Everything below from the line with "Day Apartment Athens" through the line with "Harran Ören Yeri - Şanlıurfa" should be copied exactly, and nothing else; leave out the pictures.

### DATASET RECORDS
>>>>>
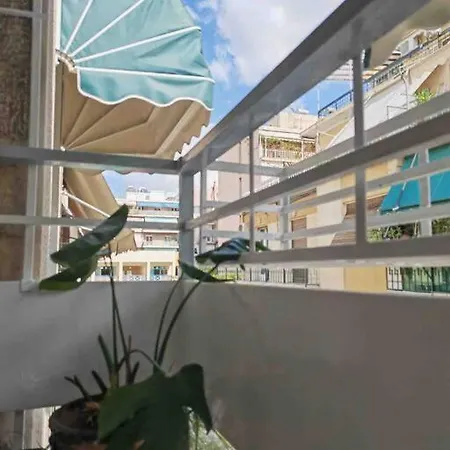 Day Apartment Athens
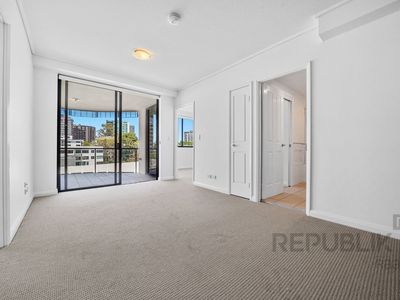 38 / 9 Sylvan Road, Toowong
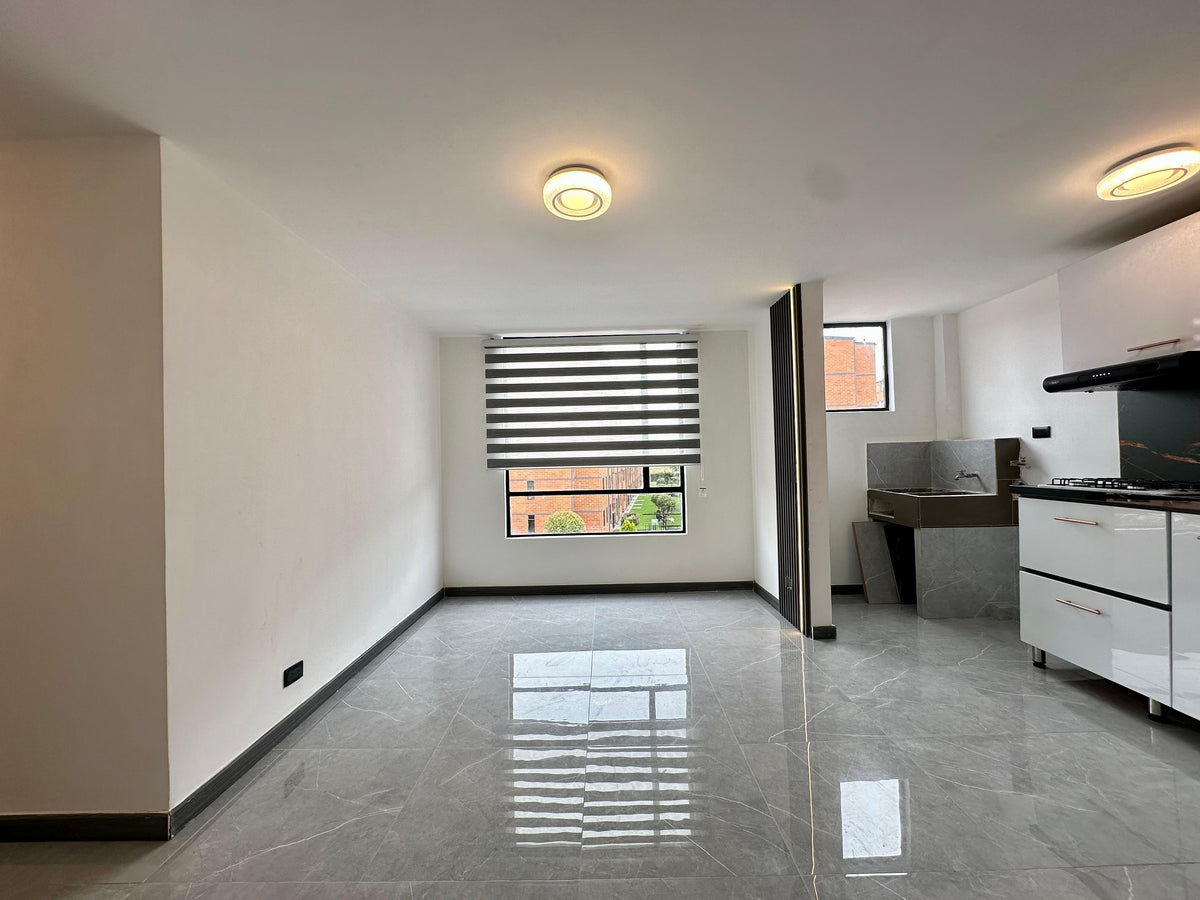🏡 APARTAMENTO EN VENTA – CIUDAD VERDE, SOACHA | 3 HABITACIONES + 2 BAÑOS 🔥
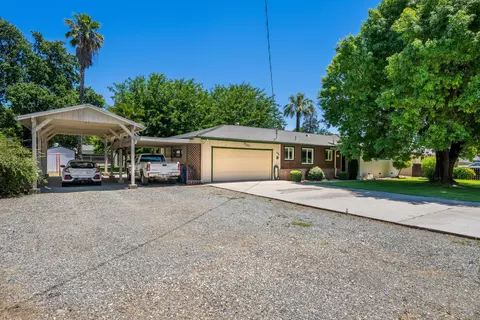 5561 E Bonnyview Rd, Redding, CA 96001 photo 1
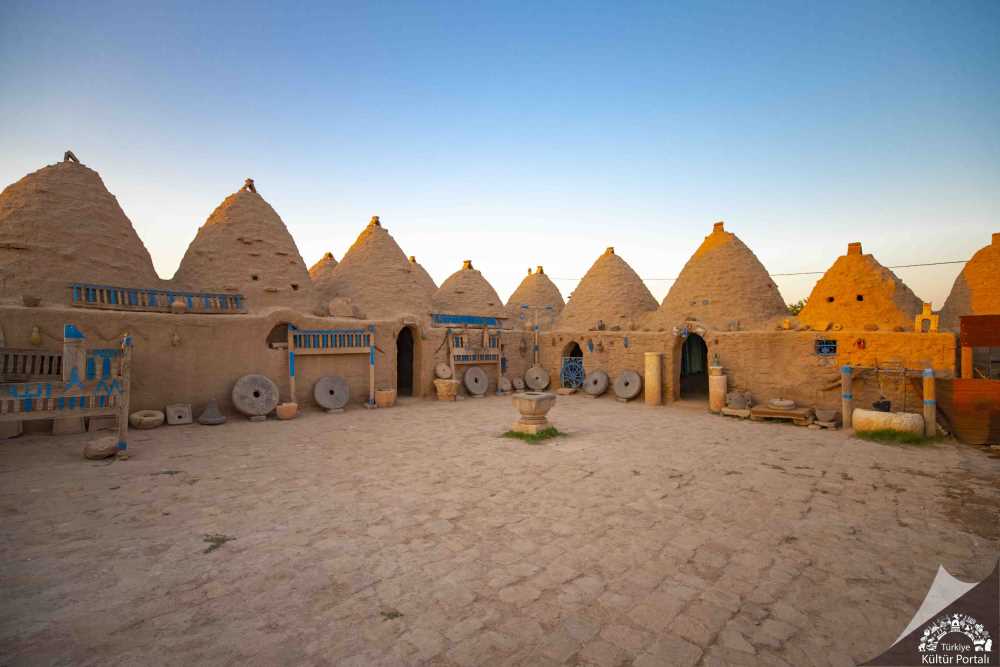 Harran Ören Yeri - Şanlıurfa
<<<<<
>>>>>
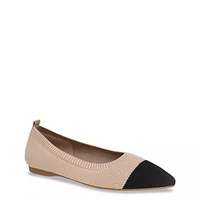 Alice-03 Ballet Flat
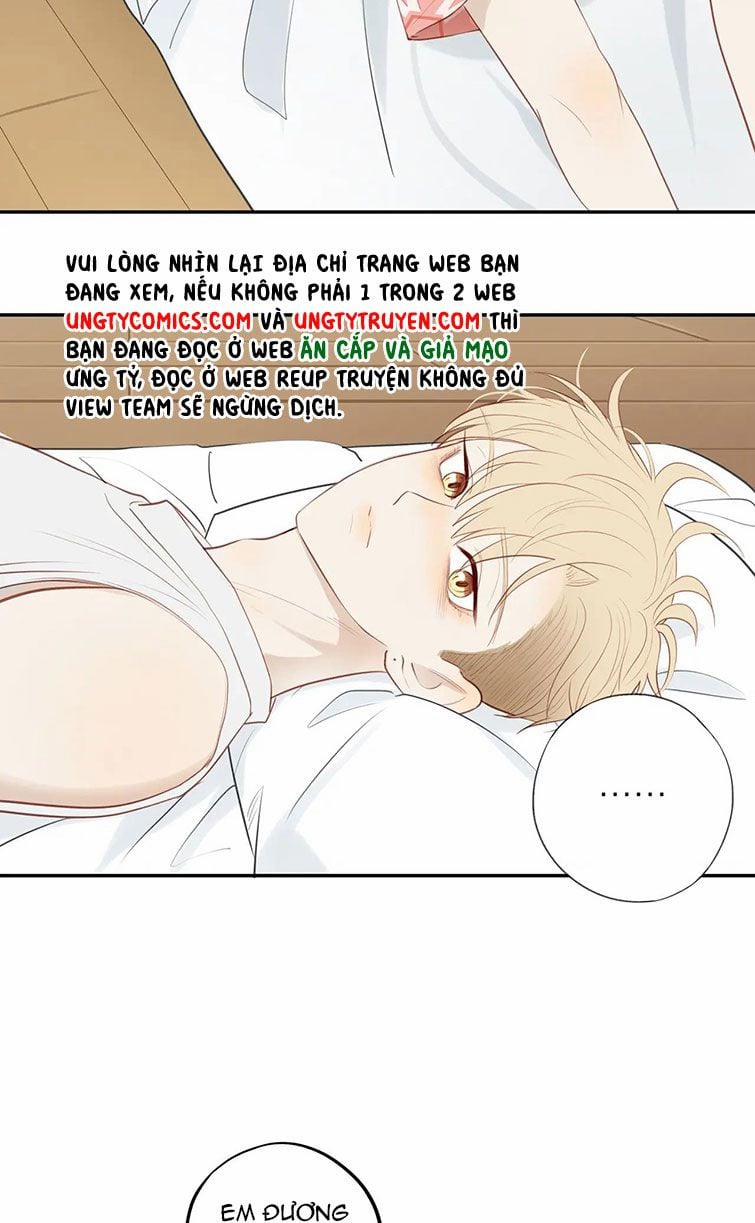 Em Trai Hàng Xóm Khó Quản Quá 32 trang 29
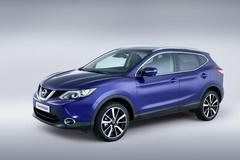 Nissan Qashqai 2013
<<<<<
### TASK OUTPUT
 Day Apartment Athens
 38 / 9 Sylvan Road, Toowong
🏡 APARTAMENTO EN VENTA – CIUDAD VERDE, SOACHA | 3 HABITACIONES + 2 BAÑOS 🔥
 5561 E Bonnyview Rd, Redding, CA 96001 photo 1
 Harran Ören Yeri - Şanlıurfa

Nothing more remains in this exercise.